DEVELOPER.md

Getting Started

As normal for scala development, you should have the following:

• Java (1.8+)
• SBT (1.3+)

From the root of this repository, run the following:

$> sbt compile          # Compiles the code
$> sbt run              # Runs the code

Given how ... erm ... blazingly fast SBT is, you may want to check out bloop and/or metals to make things a bit faster.

Upstream development

Vizier depends on several upstream repositories: Mimir, Caveats, and Vizier-UI. The instructions above will set you up to work with the latest published version of each of these repos, but if you want to co-develop any of them along with Vizier, do the following:

$> sbt checkout
...
$> ls upstream
caveats  mimir  ui

Mimir/Caveats development

caveats and mimir will automatically be recognized by SBT (and bloop) as dependent projects. Changes to either will be recompiled and added to the vizier classpath.

UI development

To develop the Vizier UI (or debug issues with the UI), open a new terminal and

$> cd upstream/ui
$> yarn install
$> yarn run

This will start a new server on http://localhost:3000 (note the different port) that will connect to the main Vizier instance.
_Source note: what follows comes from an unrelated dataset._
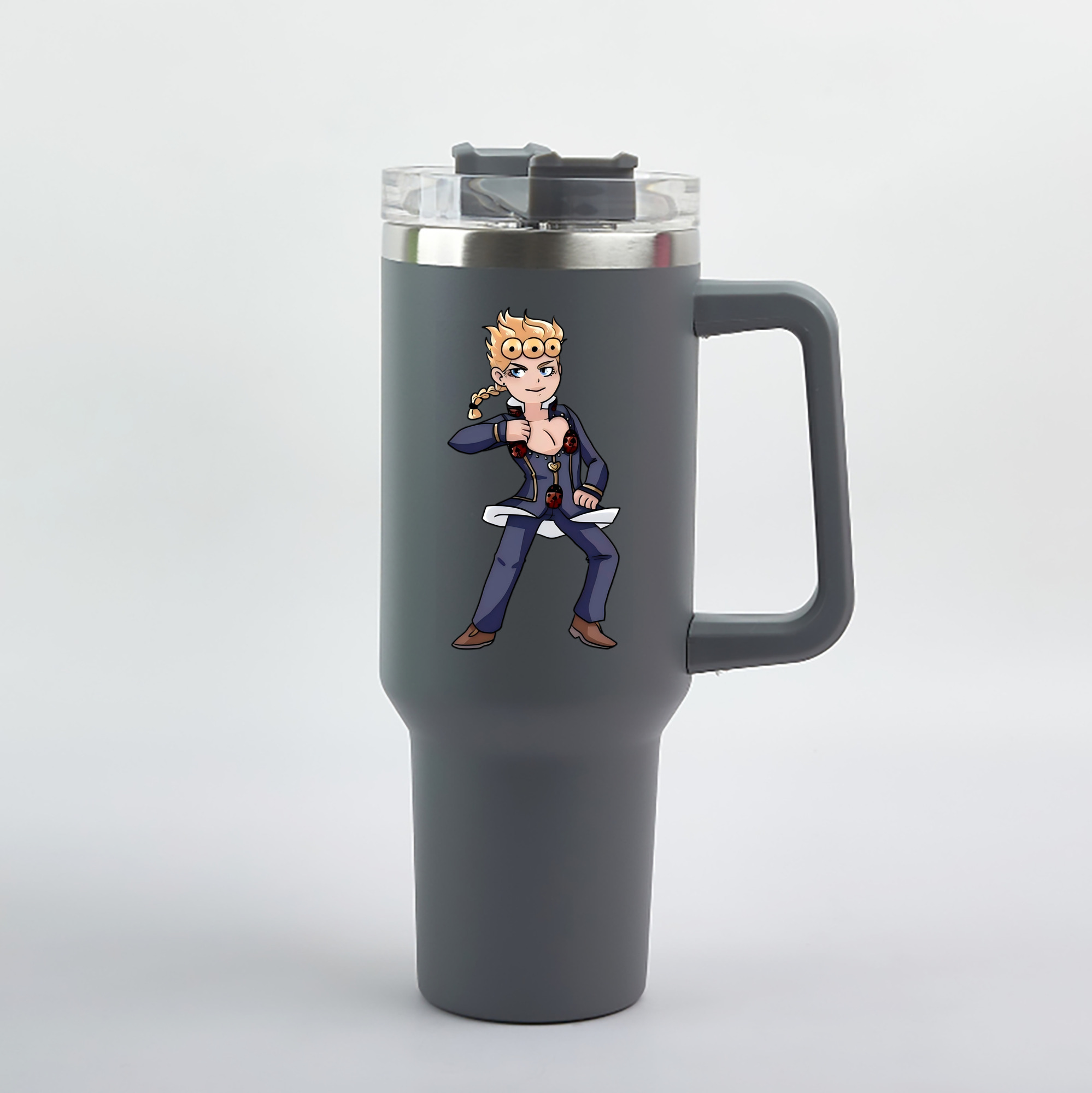 （画像用） ジョジョの奇妙な冒険 ジョルノ?ジョバァーナ JoJo's Bizarre Adventure Giorno Giovanna 1200mL車用タンブラー（カラープリント）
To compile the UI and bring the changes into Vizier itself, run the following from the vizier-scala root:

$> sbt buildUI

Gotchas

If you take nothing else away from this document, read this section. It highlights the oddities of this codebase. These are things that will cause you grief if you try to make changes without realizing what's going on.

ScalikeJDBC

ScalikeJDBC is a scala-native wrapper around JDBC connections (analogous to Python's Alchemy). It makes extensive use of scala implicits, which can be a little confusing if you're just getting started with scala, so let's start with a quick primer on the part of implicits that you need to know.
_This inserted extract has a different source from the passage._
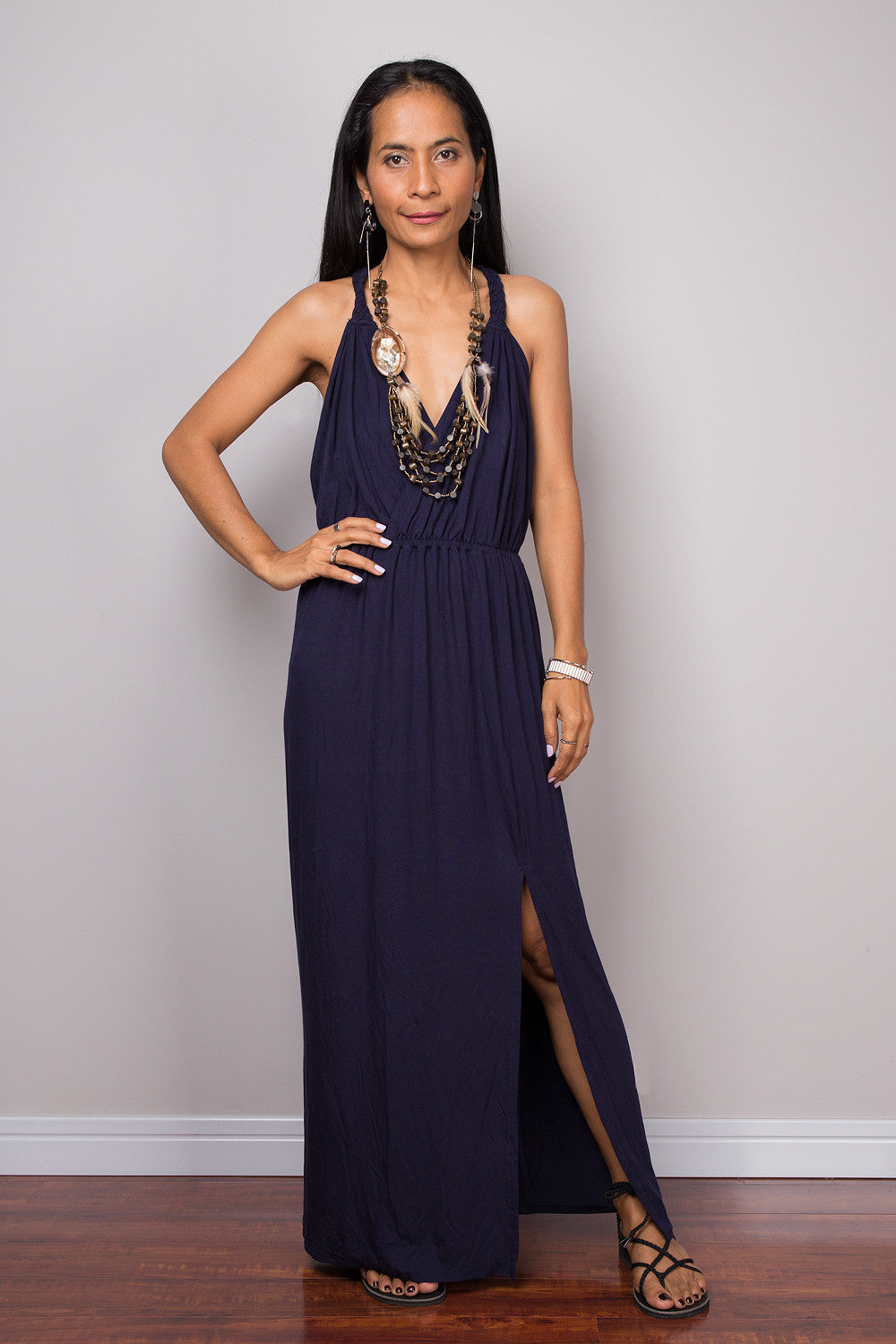Navy blue halter dress sales long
Global state is annoying, but can be more programmer friendly when you need to keep passing that state into functions. For example, let's say you have a JDBC connection. You need to keep passing that connection into every function that might potentially need it. That makes code hard to read and write, because you always have that extra argument hanging off the end. It can be easier just to dump the connection into a global variable and use it when needed. Global state, however, drives functional people mad (for good reasons).
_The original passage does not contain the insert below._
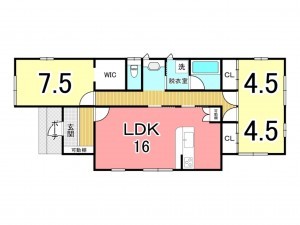 鹿児島市東坂元、新築一戸建ての間取り画像です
Scala (kind of?) avoids the pitfals of global state through something it calls implicit parameters. Take the following function:

def foo(implicit x: Bar) = x.baz

To call this function, you don't need to pass the x parameter explicitly. You would just write

println(s"${foo}")

Of course, this example is a little too simple... if you actually try the following, the compiler will yell at you:

def myFunction() = 
{
  println(s"${foo}")
}

What's happening under the hood here is that instead of manually passing a Bar object around, the compiler tries to automatically pick and plug in a Bar object that you happen to have lying around. Since you don't have one, it gets confused. Let's try the following:

def myFunction() = 
{
  val x = Bar(baz = "stuff")
  println(s"${foo}")
}

That still won't work, because the compiler won't look for just any old variables. You have to explicitly mark a variable as implicit for it to work, like so:

def myFunction() = 
{
  implicit val x = Bar(baz = "stuff")
  println(s"${foo}")
}

Again, looking under the hood, when you call foo (without parameters), the compiler will see the implicit x parameter of type Bar, try to find a Bar object in scope (possibly with a different name), and automatically plug that object in to the function call.

---

ScalikeJDBC makes extensive use of implicit variables to keep track of session state. Specifically, in this codebase you will see a lot of functions with (implicit session: DBSession). These are functions that DO assume that you have an open session. Conversely, functions without this parameter assume that you DO NOT have an implicit session active.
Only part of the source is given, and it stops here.